* [TRY IT] Please output exactly the lines of the material from the first through the line containing "West Peak from", and nothing more.

* [RECORDED INFORMATION]
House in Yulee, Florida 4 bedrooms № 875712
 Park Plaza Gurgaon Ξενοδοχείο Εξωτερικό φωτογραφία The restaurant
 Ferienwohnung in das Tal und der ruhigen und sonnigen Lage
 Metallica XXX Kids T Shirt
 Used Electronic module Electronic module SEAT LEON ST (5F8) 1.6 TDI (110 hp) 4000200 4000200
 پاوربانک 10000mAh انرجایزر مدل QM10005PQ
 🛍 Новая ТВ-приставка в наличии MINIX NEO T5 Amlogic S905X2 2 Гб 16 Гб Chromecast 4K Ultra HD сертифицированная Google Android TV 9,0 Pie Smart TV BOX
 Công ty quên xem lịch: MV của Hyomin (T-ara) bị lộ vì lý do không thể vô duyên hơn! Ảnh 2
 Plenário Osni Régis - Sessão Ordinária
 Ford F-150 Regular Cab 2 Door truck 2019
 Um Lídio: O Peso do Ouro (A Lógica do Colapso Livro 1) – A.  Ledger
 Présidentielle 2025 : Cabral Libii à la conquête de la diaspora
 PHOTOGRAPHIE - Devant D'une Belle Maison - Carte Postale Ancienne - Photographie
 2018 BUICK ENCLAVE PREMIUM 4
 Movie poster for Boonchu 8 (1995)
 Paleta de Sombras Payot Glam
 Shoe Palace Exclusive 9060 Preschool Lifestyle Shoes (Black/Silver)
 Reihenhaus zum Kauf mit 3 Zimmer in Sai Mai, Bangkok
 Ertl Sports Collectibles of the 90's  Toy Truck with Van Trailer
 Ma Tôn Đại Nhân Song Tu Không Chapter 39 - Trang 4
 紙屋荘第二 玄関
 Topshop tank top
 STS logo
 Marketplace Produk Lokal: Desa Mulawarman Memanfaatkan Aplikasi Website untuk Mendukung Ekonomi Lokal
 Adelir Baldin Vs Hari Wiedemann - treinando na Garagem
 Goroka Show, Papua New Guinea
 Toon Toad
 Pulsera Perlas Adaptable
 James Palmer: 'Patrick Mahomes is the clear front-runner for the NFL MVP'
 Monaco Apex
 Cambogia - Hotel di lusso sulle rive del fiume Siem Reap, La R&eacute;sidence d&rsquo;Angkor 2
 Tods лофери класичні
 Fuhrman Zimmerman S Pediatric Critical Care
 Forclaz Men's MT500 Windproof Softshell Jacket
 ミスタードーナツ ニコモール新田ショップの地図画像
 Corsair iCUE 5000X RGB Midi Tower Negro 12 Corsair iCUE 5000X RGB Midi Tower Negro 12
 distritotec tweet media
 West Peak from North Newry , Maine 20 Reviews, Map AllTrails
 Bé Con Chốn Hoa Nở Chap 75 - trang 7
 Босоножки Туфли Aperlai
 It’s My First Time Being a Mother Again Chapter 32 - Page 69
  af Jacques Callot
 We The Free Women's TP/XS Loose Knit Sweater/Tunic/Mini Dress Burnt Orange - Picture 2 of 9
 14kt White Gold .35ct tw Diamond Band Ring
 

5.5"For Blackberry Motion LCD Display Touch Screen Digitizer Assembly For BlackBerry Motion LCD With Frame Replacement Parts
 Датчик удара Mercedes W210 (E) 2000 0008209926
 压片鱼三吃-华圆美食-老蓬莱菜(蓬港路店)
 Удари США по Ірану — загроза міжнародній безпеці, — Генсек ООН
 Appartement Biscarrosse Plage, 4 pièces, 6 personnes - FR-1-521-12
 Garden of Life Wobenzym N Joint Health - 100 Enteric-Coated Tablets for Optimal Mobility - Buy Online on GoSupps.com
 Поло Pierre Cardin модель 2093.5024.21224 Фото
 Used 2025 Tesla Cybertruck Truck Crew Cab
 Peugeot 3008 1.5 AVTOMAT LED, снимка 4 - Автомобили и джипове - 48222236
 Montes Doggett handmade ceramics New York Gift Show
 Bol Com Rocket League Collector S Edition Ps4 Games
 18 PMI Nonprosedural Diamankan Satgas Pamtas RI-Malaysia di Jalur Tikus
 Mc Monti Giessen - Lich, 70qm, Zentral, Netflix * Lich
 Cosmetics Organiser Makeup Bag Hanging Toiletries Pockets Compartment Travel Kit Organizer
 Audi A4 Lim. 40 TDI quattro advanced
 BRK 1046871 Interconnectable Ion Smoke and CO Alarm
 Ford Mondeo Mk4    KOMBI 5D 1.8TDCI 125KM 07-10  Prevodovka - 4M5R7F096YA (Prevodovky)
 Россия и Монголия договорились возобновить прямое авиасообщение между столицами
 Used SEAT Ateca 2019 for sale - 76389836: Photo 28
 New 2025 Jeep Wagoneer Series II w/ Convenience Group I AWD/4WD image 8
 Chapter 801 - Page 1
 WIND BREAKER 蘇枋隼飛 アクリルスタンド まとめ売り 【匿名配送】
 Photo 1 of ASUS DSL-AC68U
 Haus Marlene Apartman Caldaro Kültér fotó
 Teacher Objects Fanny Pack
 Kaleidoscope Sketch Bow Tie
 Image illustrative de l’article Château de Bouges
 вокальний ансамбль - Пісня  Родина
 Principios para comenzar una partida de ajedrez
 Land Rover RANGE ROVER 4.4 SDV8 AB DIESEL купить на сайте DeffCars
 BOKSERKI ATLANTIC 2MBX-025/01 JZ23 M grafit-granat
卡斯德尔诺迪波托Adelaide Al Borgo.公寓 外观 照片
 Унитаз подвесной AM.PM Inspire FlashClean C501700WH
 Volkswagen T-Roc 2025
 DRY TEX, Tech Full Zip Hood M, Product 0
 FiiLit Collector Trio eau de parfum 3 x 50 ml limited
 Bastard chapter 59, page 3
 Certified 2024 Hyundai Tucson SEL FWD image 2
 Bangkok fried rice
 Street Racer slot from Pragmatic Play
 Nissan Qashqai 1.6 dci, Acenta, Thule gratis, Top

* [RESULT]
House in Yulee, Florida 4 bedrooms № 875712
 Park Plaza Gurgaon Ξενοδοχείο Εξωτερικό φωτογραφία The restaurant
 Ferienwohnung in das Tal und der ruhigen und sonnigen Lage
 Metallica XXX Kids T Shirt
 Used Electronic module Electronic module SEAT LEON ST (5F8) 1.6 TDI (110 hp) 4000200 4000200
 پاوربانک 10000mAh انرجایزر مدل QM10005PQ
 🛍 Новая ТВ-приставка в наличии MINIX NEO T5 Amlogic S905X2 2 Гб 16 Гб Chromecast 4K Ultra HD сертифицированная Google Android TV 9,0 Pie Smart TV BOX
 Công ty quên xem lịch: MV của Hyomin (T-ara) bị lộ vì lý do không thể vô duyên hơn! Ảnh 2
 Plenário Osni Régis - Sessão Ordinária
 Ford F-150 Regular Cab 2 Door truck 2019
 Um Lídio: O Peso do Ouro (A Lógica do Colapso Livro 1) – A.  Ledger
 Présidentielle 2025 : Cabral Libii à la conquête de la diaspora
 PHOTOGRAPHIE - Devant D'une Belle Maison - Carte Postale Ancienne - Photographie
 2018 BUICK ENCLAVE PREMIUM 4
 Movie poster for Boonchu 8 (1995)
 Paleta de Sombras Payot Glam
 Shoe Palace Exclusive 9060 Preschool Lifestyle Shoes (Black/Silver)
 Reihenhaus zum Kauf mit 3 Zimmer in Sai Mai, Bangkok
 Ertl Sports Collectibles of the 90's  Toy Truck with Van Trailer
 Ma Tôn Đại Nhân Song Tu Không Chapter 39 - Trang 4
 紙屋荘第二 玄関
 Topshop tank top
 STS logo
 Marketplace Produk Lokal: Desa Mulawarman Memanfaatkan Aplikasi Website untuk Mendukung Ekonomi Lokal
 Adelir Baldin Vs Hari Wiedemann - treinando na Garagem
 Goroka Show, Papua New Guinea
 Toon Toad
 Pulsera Perlas Adaptable
 James Palmer: 'Patrick Mahomes is the clear front-runner for the NFL MVP'
 Monaco Apex
 Cambogia - Hotel di lusso sulle rive del fiume Siem Reap, La R&eacute;sidence d&rsquo;Angkor 2
 Tods лофери класичні
 Fuhrman Zimmerman S Pediatric Critical Care
 Forclaz Men's MT500 Windproof Softshell Jacket
 ミスタードーナツ ニコモール新田ショップの地図画像
 Corsair iCUE 5000X RGB Midi Tower Negro 12 Corsair iCUE 5000X RGB Midi Tower Negro 12
 distritotec tweet media
 West Peak from North Newry , Maine 20 Reviews, Map AllTrails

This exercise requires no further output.